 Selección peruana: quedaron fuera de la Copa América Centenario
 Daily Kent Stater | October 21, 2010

==

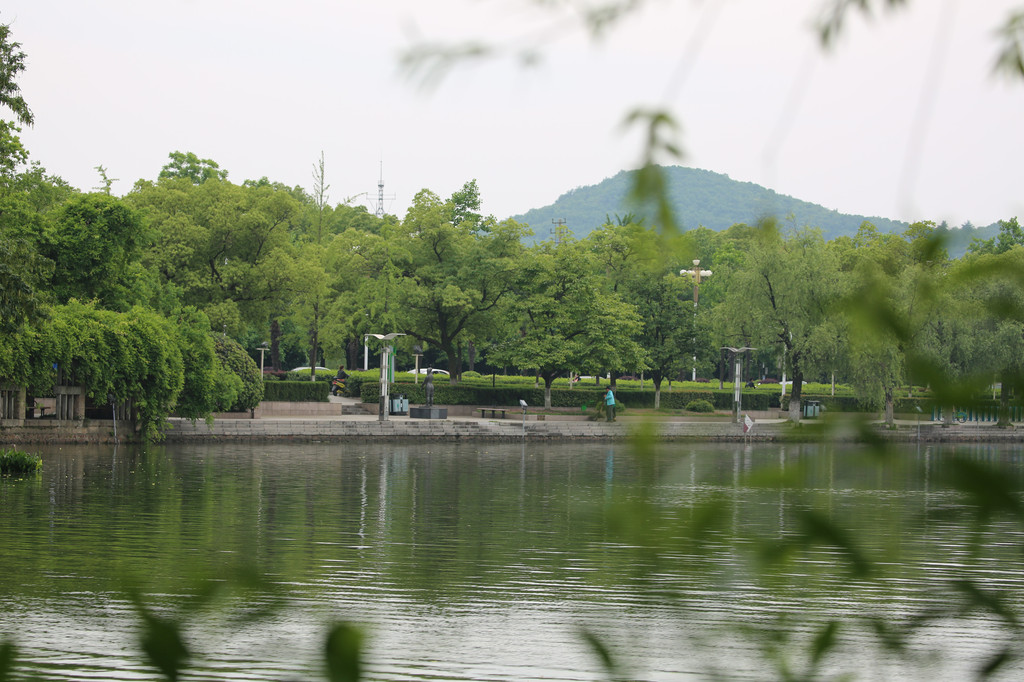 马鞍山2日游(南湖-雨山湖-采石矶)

* * *

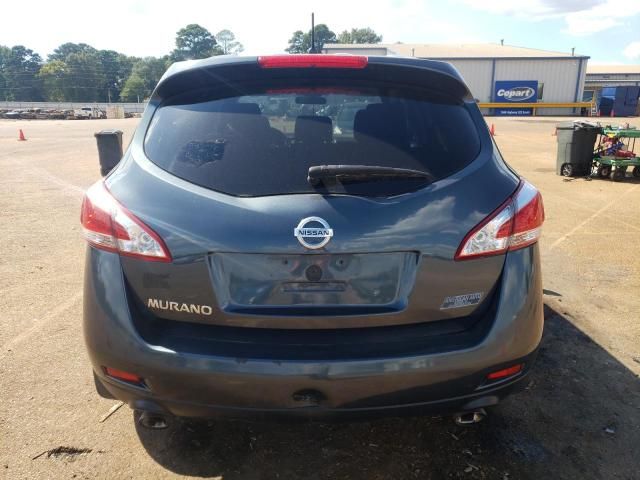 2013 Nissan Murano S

• _Prompt_
Above are the records; copy exactly the lines from the line with "Selección peruana: quedaron" through the line with "Daily Kent Stater | October 21, 2010", both included.

• _Answer for this exercise_
 Selección peruana: quedaron fuera de la Copa América Centenario
 Daily Kent Stater | October 21, 2010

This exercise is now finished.